God Objects Considered Harmful

Every software developer has run into “god objects”—some data structure or database that every process must access no matter what it is doing. Creating god objects in software is considered an anti-pattern—something you should not do. Perhaps the most apt description of the god object I’ve seen recently is you ask for a banana, and you get the gorilla as well.

We seem to have a deep desire to solve all the complexity of modern networks through god objects. There was ATM, which was going to solve all our networking problems by allowing the edge device (or a centralized controller) to control the path its traffic takes through the network. There is LISP, which is going to solve every mapping and tunneling/transport problem in the entire networking world (including mobility and security). There is SDN, which is going to solve everything by pushing it all into a controller.

And now there is BGP, which can be a link state protocol (LSVR), the ideal DC fabric control plane, the ideal interdomain protocol, the ideal IGP … a sort-of distributed god object that solves everything, everywhere, all the time (life in the fast lane…).

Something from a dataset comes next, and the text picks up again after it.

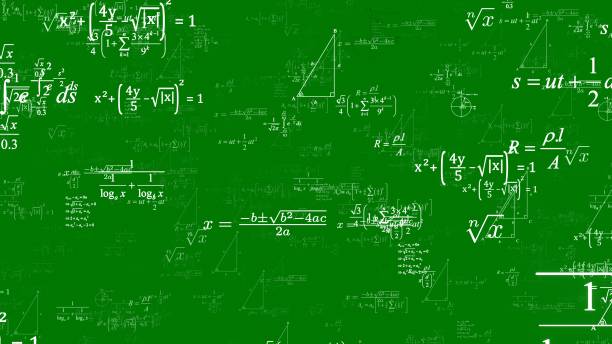 Mathematical formulas. Maths. Mathematical formulas. Maths. Scientific and educational concept. Science. Chromakey background. Green screen. drawing of a advanced math formulas stock pictures, royalty-free photos & images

The problem is, a bunch of people are asking for different bananas, and what we keep getting is the gorilla.

A lot of this is our fault. We crave simplicity so much that we are willing to believe just about anyone, or anything, that promises to solve all the problems we face in building and operating networks in a simple and easy way. The truth is, however, there are no simple solutions to hard problems—solving hard problems requires complex solutions.

Okay, so we can intuitively know god objects are bad, but why? Because they are too complex to really understand, and therefore they cannot be truly operated, nor can you effectively troubleshoot them. There are too many unintended consequences, too many places where you cannot understand the relationship between this and that.

To put this in more human terms—there are many people in the modern world who think that if they just have enough data, they will understand people well enough to operate and troubleshoot them like some kind of machine. Sorry to tell you this—humans are just too complex, and human social institutions, being made up of people (well, duh!), are way more complex than even the most intelligent artificial intelligence can ever “understand.”

We need to fall out of love with the utopia of the god object for once and for all. We need to go back to building simpler systems that solve one or two problems well, and then combining these into intelligible solutions that can be understood, managed, and repaired.

But the move back towards real simplicity has to begin with you.